Researchers from Monash University and the Australian Synchrotron have helped produce the highest frequency organic transistor in the world, creating the potential to develop subtle electronic products such as ID badges woven into clothing, translucent solar panels on windows and virtually invisible electronic sensors and monitors.

The researchers contributed to work at the Center for Nano Science and Technology in Milan into printing large-scale semiconductor sheets using the polymer P(NDI20D-T2).

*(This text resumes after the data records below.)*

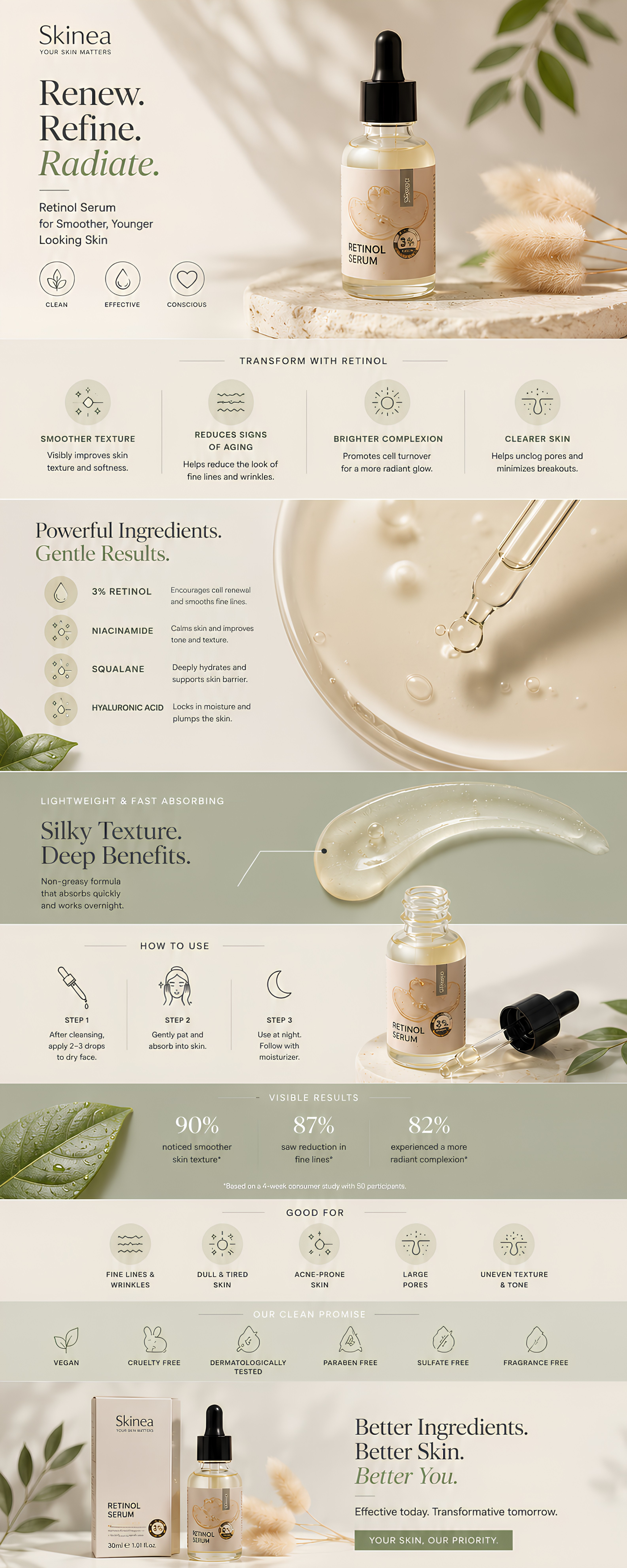 Retinol Serum (3%) — Desktop Campaign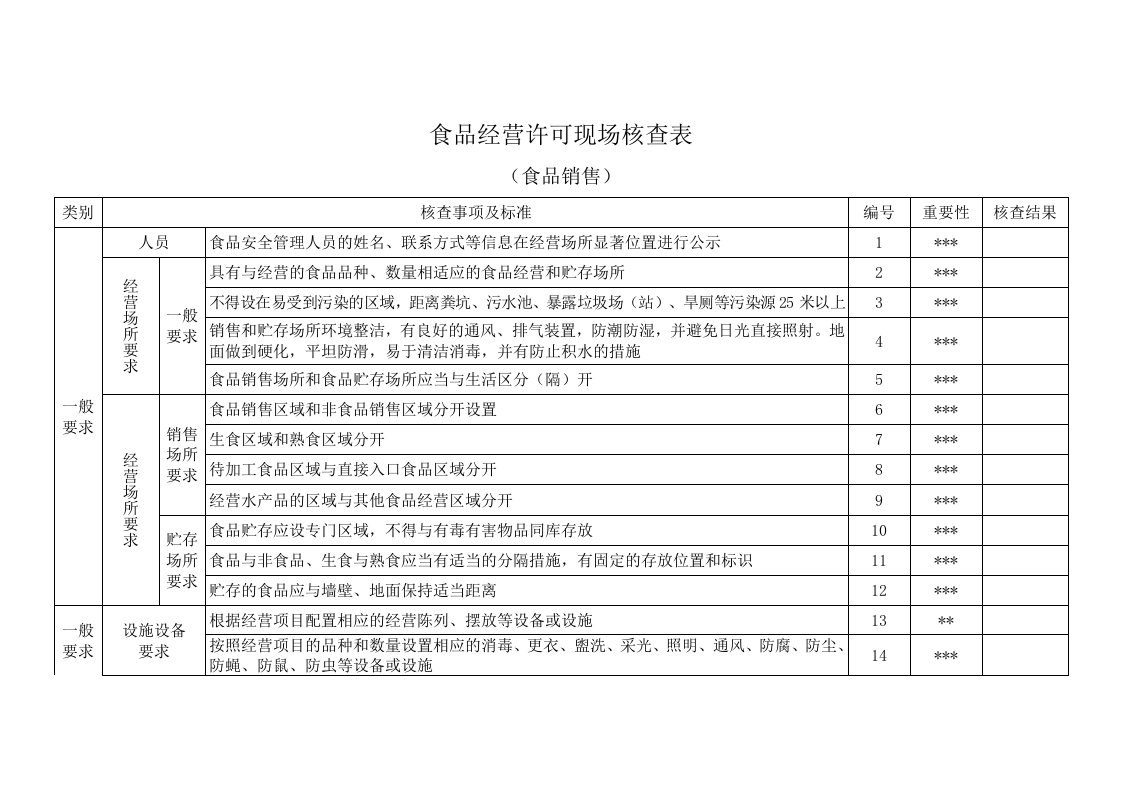 食品经营许可现场核查表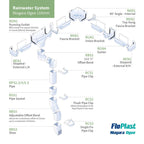 FloPlast Niagara Ogee 110mm Gutter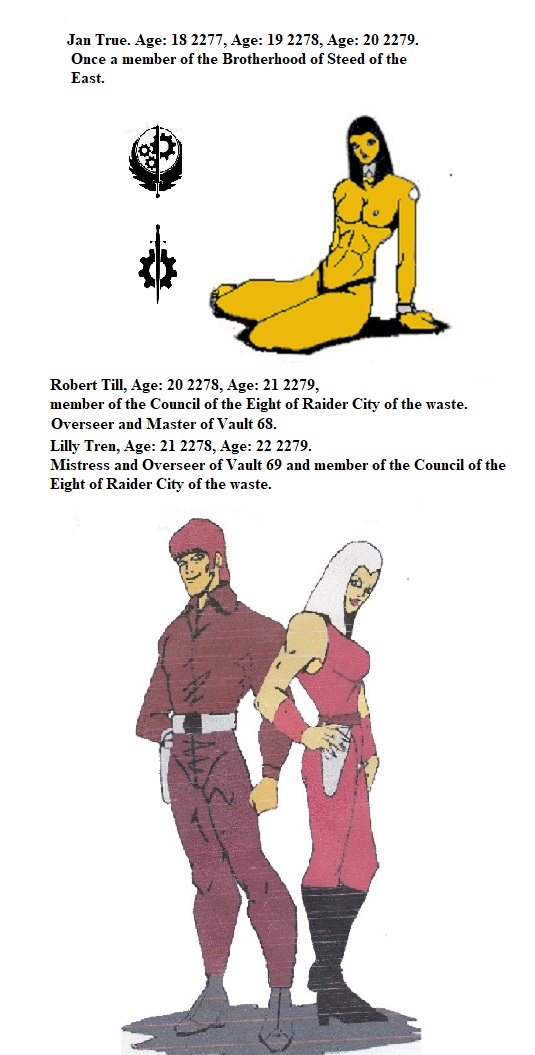 Fallout the Alliance  The Council of the Eight and the Dwellers of the Unknown Lands. page 3 full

Associate Professor Chris McNeill, from the Monash University Department of Materials Science and Engineering, said their new ‘bar-coating’ technique uses the discovery that molecules in the polymer must be precisely aligned.

"Many research teams have attempted roll-out printing of the polymer into sheets, much like a mound of dough is rolled flat by a rolling pin, but this has led to lackluster transistor performance," McNeill said.

"Tightly wrapping a wire around the 'rolling pin' bar creates a coat of microscopic grooves 50 microns wide – one twentieth of a millimetre – forcing the molecules of the polymer into an organised pattern during printing, for much greater conductivity."

He said, using the Australian Synchrotron’s Soft X-ray Spectroscopy (SXR) beamline, they defined the optimal molecular structure of the polymer, which enabled the Italian team to print an organic transistor eight times larger than any predecessor, and boasting a commercially competitive frequency of 3.3 MHz.

"We believe the upscaling of organic transistors will enable faster development of next-generation electronics that are pliable, malleable and more affordable, beyond the limitations of bulky silicon-based transistors," he said.

 

Chris McNeill with the new polymer. Photo: Australian Synchrotron.